DNS Deep Dive: Resolution Path, TTL, and Cache Behavior

Medium•

Resolution path

Recursive lookup chain

  • - Client -> resolver -> authority
  • - Latency on cold lookups

Record strategy

A/AAAA/CNAME choices

  • - Migration flexibility
  • - Operational clarity

TTL policy

Agility vs cache hit rate

  • - Short TTL for failover
  • - Long TTL for efficiency

Incident behavior

Cache propagation reality

  • - Stale resolver state
  • - Non-instant rollback effect

Core Lens

DNS is a distributed cache hierarchy; TTL policy controls agility versus stability.

Flow

Lookup→
Resolver chain→
Cache hit/miss→
TTL expiry/refresh

DNS is best understood as a distributed lookup system with layered caches. A configuration change made at the authoritative server does not instantly reach every client. Instead, recursive resolvers and local caches continue serving cached responses until TTL expiration. Strong engineers understand both the control-plane view (records and TTL settings) and the real data-plane behavior seen by users across different networks and resolvers.

Quick Decision Guide

Senior-Level Decision Guide:

- DNS lookup latency is part of the request critical path for uncached hosts. - TTL controls how quickly changes propagate versus how efficiently caches behave. - DNS responses are cached at several layers: browser, OS, recursive resolver, and sometimes intermediary networks. - Incident recovery must account for stale resolver caches and negative caching behavior. - DNS design strongly influences multi-region routing and CDN availability.

Resolution Path

A DNS lookup usually follows this sequence:

Client → OS DNS cache → Recursive resolver → Root nameserver → TLD nameserver → Authoritative nameserver → Response cached

Simplified Flow

1. The browser asks the operating system for the IP address of a domain.
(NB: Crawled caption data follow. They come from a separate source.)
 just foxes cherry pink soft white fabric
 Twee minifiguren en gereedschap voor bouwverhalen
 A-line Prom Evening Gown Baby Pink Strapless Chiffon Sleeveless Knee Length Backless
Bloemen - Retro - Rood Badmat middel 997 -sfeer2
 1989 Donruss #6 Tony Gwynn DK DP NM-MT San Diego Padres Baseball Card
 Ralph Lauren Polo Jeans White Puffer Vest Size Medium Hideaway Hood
2. The OS checks its local DNS cache.

3. If not cached, the request goes to a recursive resolver (often provided by the ISP or a public resolver).
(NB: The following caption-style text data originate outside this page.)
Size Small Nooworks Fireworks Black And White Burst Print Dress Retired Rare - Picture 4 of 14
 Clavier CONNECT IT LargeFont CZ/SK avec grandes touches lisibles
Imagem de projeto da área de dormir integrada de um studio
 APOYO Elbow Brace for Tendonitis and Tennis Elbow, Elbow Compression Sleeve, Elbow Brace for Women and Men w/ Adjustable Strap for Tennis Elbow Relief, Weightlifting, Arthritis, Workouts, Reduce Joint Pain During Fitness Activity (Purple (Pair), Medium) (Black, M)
4. The resolver walks the DNS hierarchy until it reaches the authoritative nameserver.

5. The answer is returned and cached along the path.
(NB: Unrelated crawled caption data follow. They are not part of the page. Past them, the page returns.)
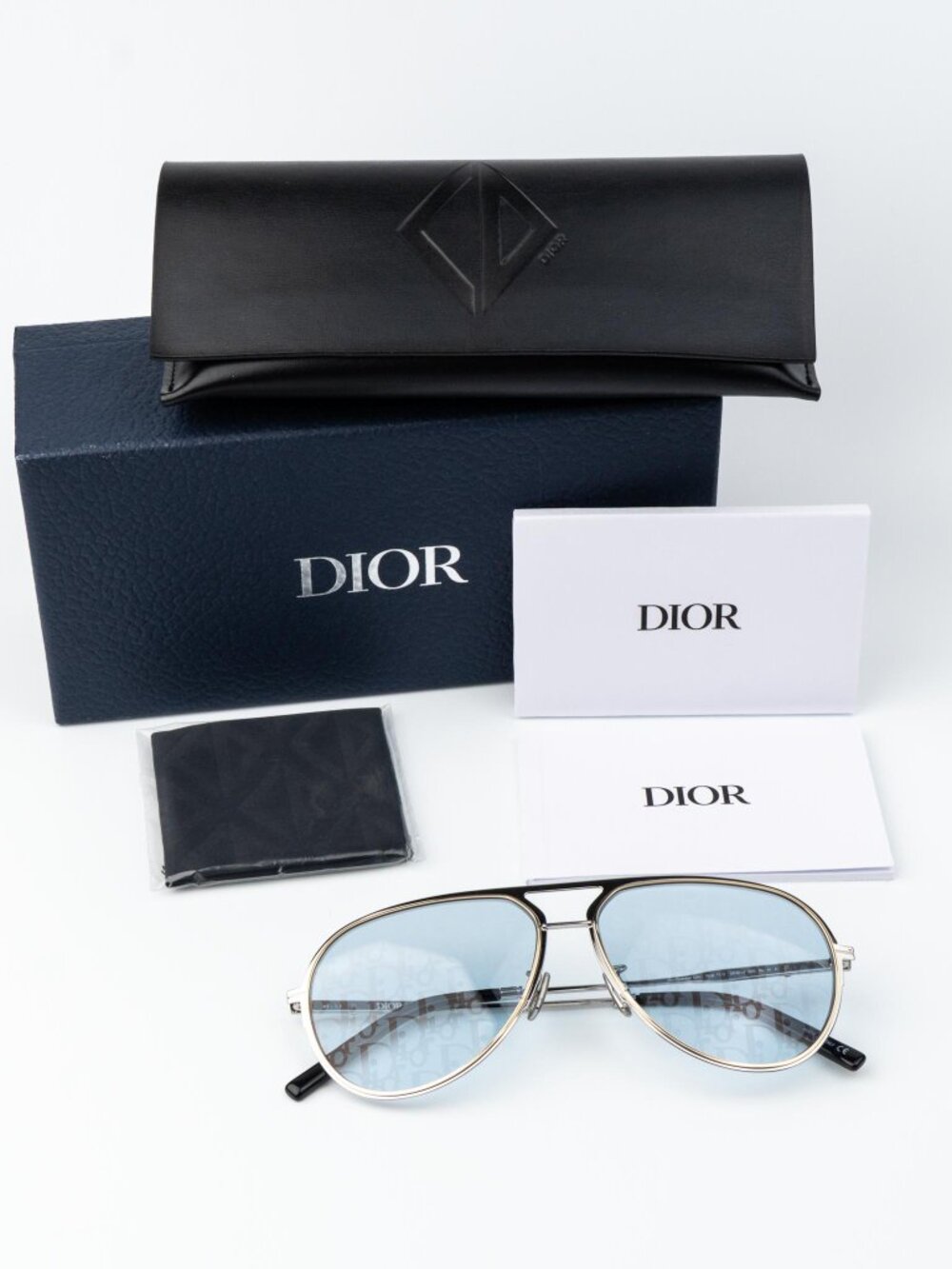 Dior Women Sunglasses Palladium Blue Dior Pattern Pilot DIORESSENTIAL A2U F0I8 - Picture 13 of 13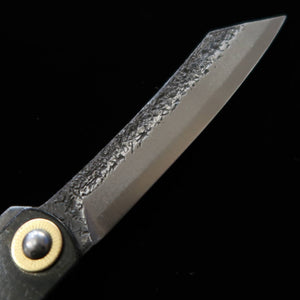 永尾かね駒製作所KANEKOMA 肥後守 青紙 本黒 大 鎚目 黒背（70mm）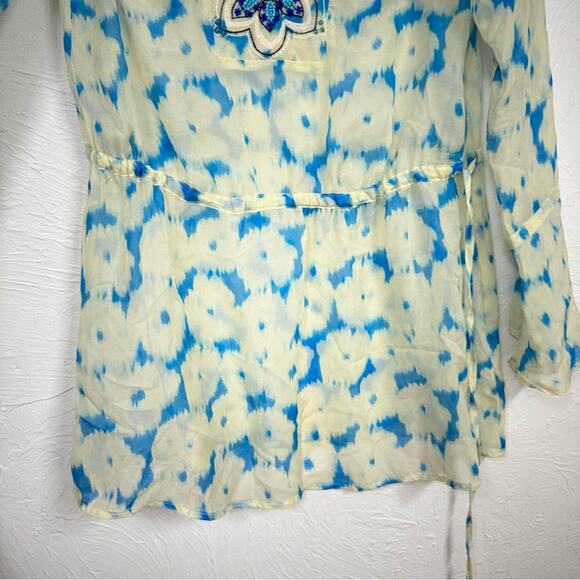 Jenny Han Yellow Blue Silk Beaded Boho Tunic Womens S Beachy Sheer Long Sleeve - Picture 6 of 11
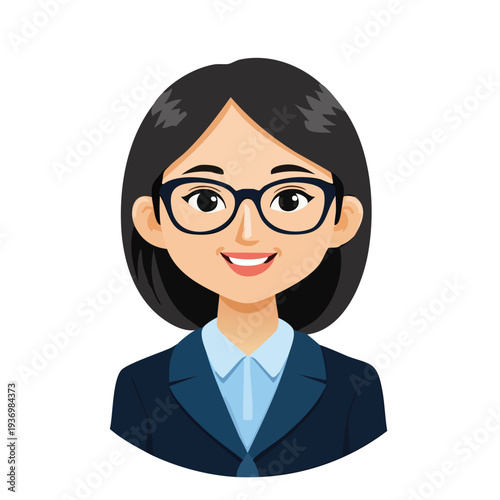 Woman with glasses illustration smiling portrait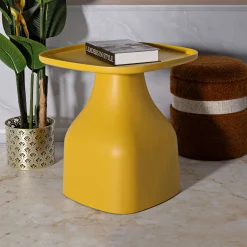 Tavolini Da Salotto > Dmora Tavolino da Salotto Adatto per Indoor/outdoor Forma Quadrato 48x48x38h cm, Colore Ripiano - Matata Giallo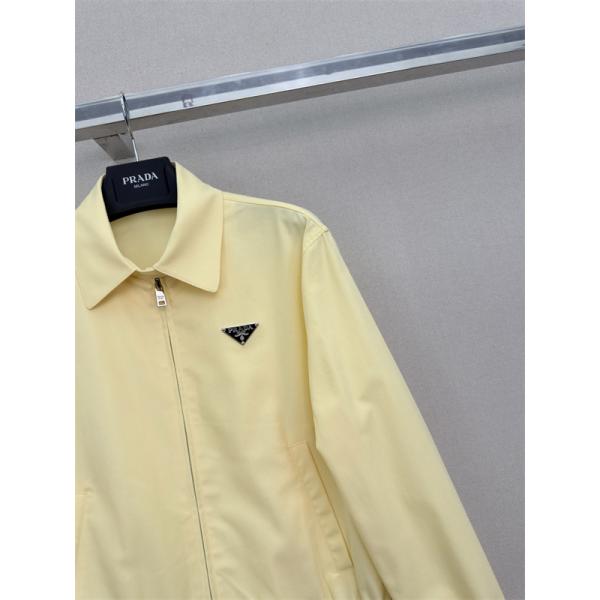 軽快スポーティ PRADA プラダ コピー ライトジャケット シャツカラー イージーヘム ペールイエロー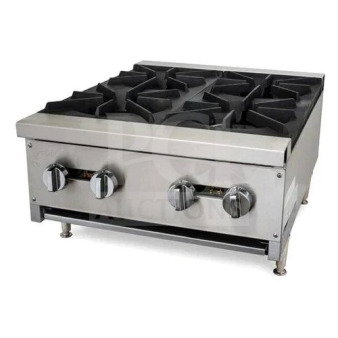 BRAND NEW CookLine CHP-244 stainless steel gas 4-burner countertop hot plate on legs. Model: CHP-24-4, SN: 2404093205.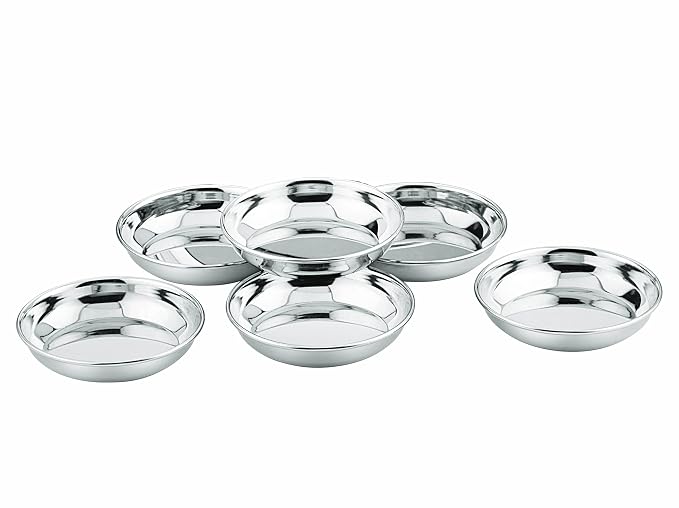 Neelam Stainless Steel 5, 22 Gauge, PRM Small Halwa Plate, 9.8 cm, Set of 6, Snacks Plate, Dessert Plates, Multipurpose Plate for Kitchen, Side Dish, Quarter Plates, Easy to Maintain, Sliver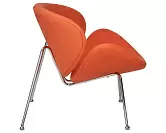 Фото №3 Кресло дизайнерское DOBRIN EMILY оранжевая ткань AF хромированная сталь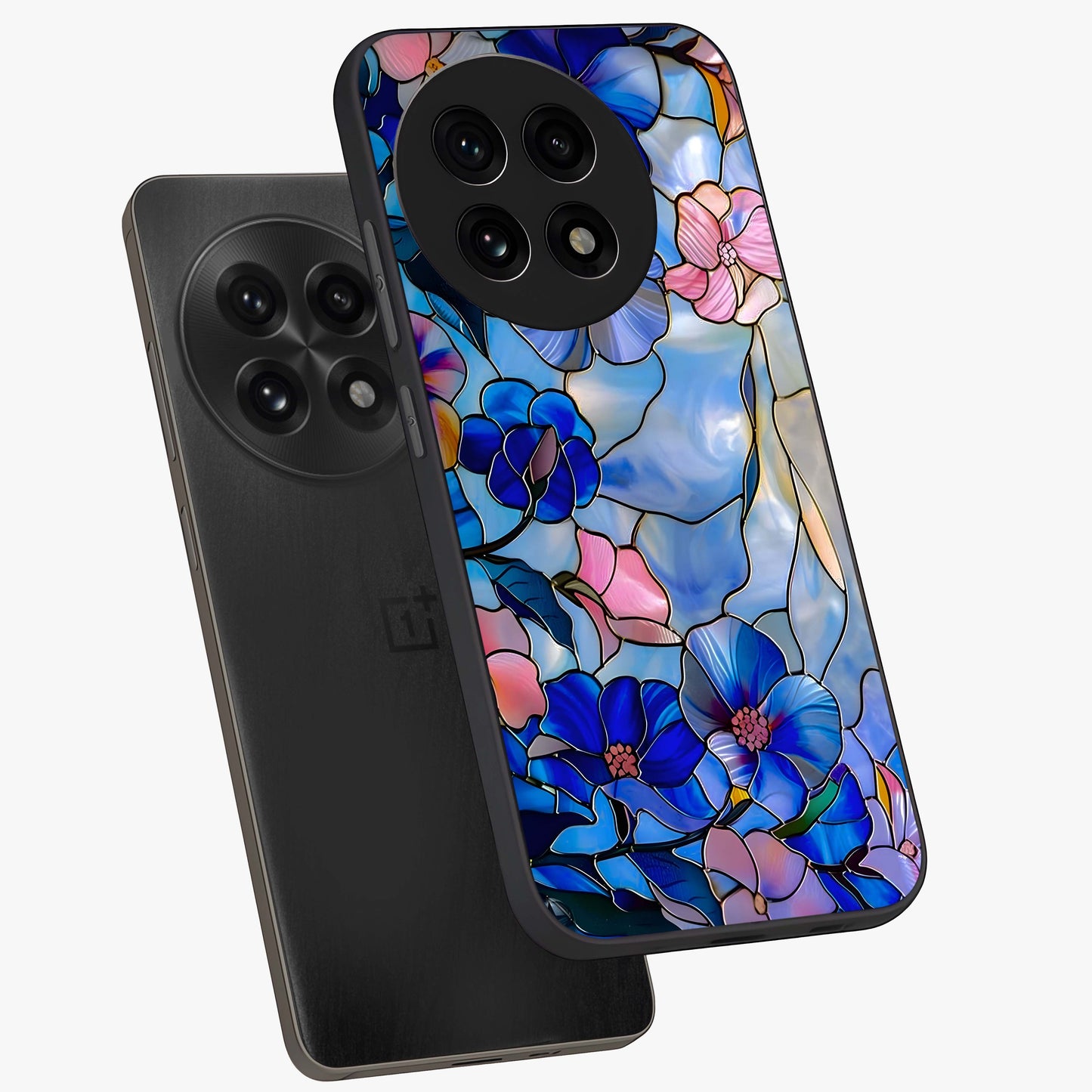 Eternal Floral Stained Glass Case for 1+13R angled mockup showcasing glossy finish and vibrant mosaic textures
This layered caching means most requests never reach the authoritative server once records are widely cached.

Record Types for Frontend Systems

Common record types used in frontend architectures include:

A / AAAA Records

Map hostnames to IPv4 or IPv6 addresses.

Example:

api.example.com → 203.0.113.1

CNAME Records

Alias one domain name to another.

Example:

assets.example.com → d123.cloudfront.net

This pattern is extremely common when pointing frontend assets or APIs to CDN endpoints.

TXT Records

Used for verification, security policies, or configuration metadata.

Examples include domain verification or email security records.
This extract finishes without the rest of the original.